C'est plus : L'Ecole Gaston-Phébus a été fondée précisément et
uniquement pour rendre aux béarnais, aux gascons, trop oublieux
du passé, des droits et de la gloire de leur Pays, la notion de leurs
devoirs envers la petite Patrie et son Verbe. Elle a été fondée
pour entretenir le foyer de vie, attiser la flamme sacrée; tant
qu'une étincelle brûle, le foyer n'est pas éteint. Ce qui, pour la
généralité des béarnais et des gascons, peut n'être qu'une faute
très malheureuse, devient un véritable crime pour ceux d'entre
eux qui se sont inscrits à l'Ecole Gaston-Phébus.
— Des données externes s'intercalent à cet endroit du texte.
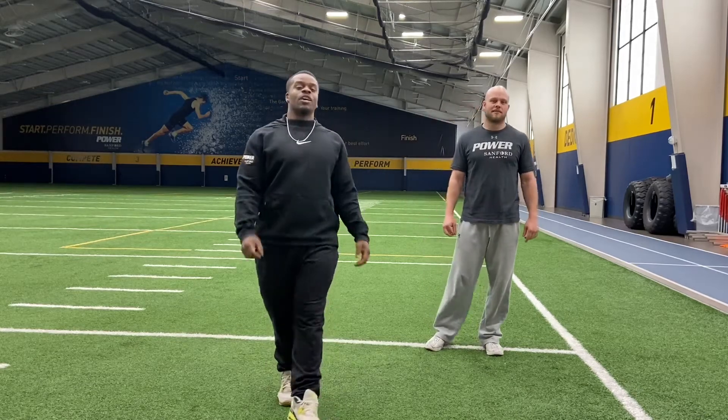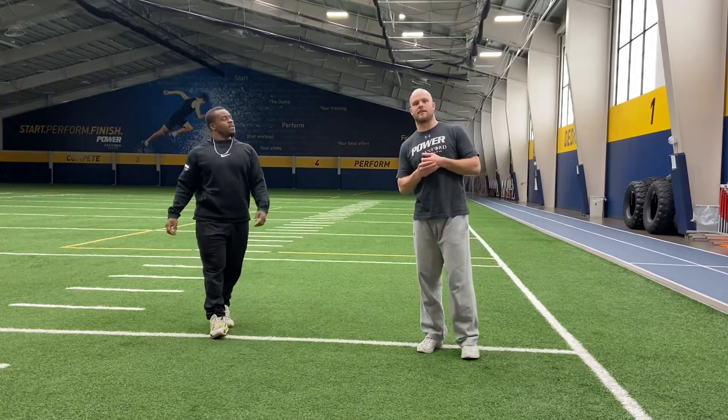Ronnie Siebert here, head strength and conditioning coach at Harrisburg High School and strength and conditioning specialist at Sanford Power. I'm Brady Bhatti, head strength and conditioning coach at Lincoln High School and strength and conditioning specialist at the Fieldhouse as well.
Les premiers,
sont les enfants inconscients qui portent la main sur leur mère
qu'ils ne reconnaissent pas ; les seconds sont les fils qui la poignardent sachant qu'elle est leur mère et sachant qu'ils la tuent.
Le béarnais de l'Ecole Gaston-Phébus veut il oui ou non. que le
parler du Béarn, vive en Béarn, à côté du parler de 1 Ile-deFrance? Si non, pourquoi est-il de l'Ecole Gaston-Phébus ? Si oui.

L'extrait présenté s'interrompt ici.